The purpose of the rule is to make sure the driver does not ingest anything before the test to interfere with the results, Justice Terry B. O’Rourke of Div. One said, so it was enough for a California Highway Patrol officer to keep a suspected drunk driver in his patrol car for the requisite quarter-hour.

The ruling reverses the San Diego Superior Court, which accepted driver Jaime Cordova Manriquez’s argument that the 15-minute rule was violated in his case because the officer seated him in the patrol car’s back seat, where he could not easily be seen.

Regulation 1219.3 of 17 Cal. Code Regs. provides that a breath sample “shall be collected only after the subject has been under continuous observation for at least fifteen minutes prior to collection of the breath sample, during which time the subject must not have ingested alcoholic beverages or other fluids, regurgitated, vomited, eaten or smoked.”

When CHP Officer Timothy Fenton stopped Manriquez on Interstate 5 just after midnight on Aug. 18, 2001, he administered field sobriety tests, concluded he was driving under the influence and arrested him.

At about 12:19 a.m., Fenton put Manriquez in the back of his patrol car, then called a tow truck and waited for it to arrive. While waiting, he sat in the front seat, doing paperwork and talking to Manriquez.

After the two truck arrived and took Manriquez’s car, Fenton drove Manriquez to San Diego County jail and at 12:51 a.m. administered another breath test.

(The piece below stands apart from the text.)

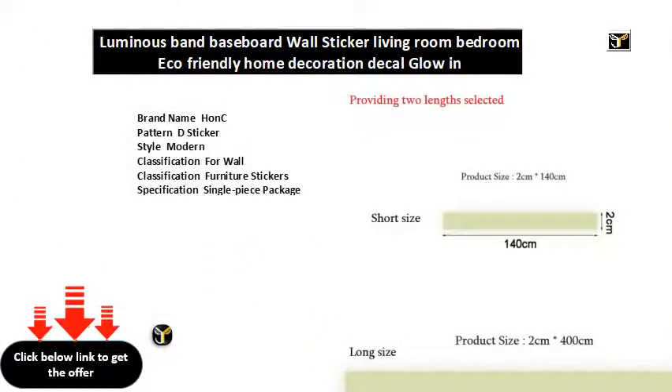Brand name: Hansi. Pattern: D sticker. Style: modern. Classification: for our wall, furniture stickers. Specification: single piece package. Scenarios: wall. Model number: W. Material: PVC. Theme: pattern. Sensor code: none. Product size: CM x CM slash CM x CM.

At an administrative license suspension hearing Manriquez introduced the testimony of a former sheriff’s deputy who testified that it was impossible for an officer at the wheel to continuously observe someone on his back seat for purposes of the 15-minute rule. The hearing judge was unconvinced and the license remained suspended, but a San Diego Superior Court judge granted Manriquez’s petition for writ of administrative mandate.

The judge found it was impossible for Fenton to have continuously observed Manriquez in compliance with the regulation.

But O’Rourke said the judge incorrectly interpreted the regulation’s requirement, which includes the mention of the subject’s not having had anything to eat, drink or smoke, and not having vomited or, in essence, burped, before taking the test.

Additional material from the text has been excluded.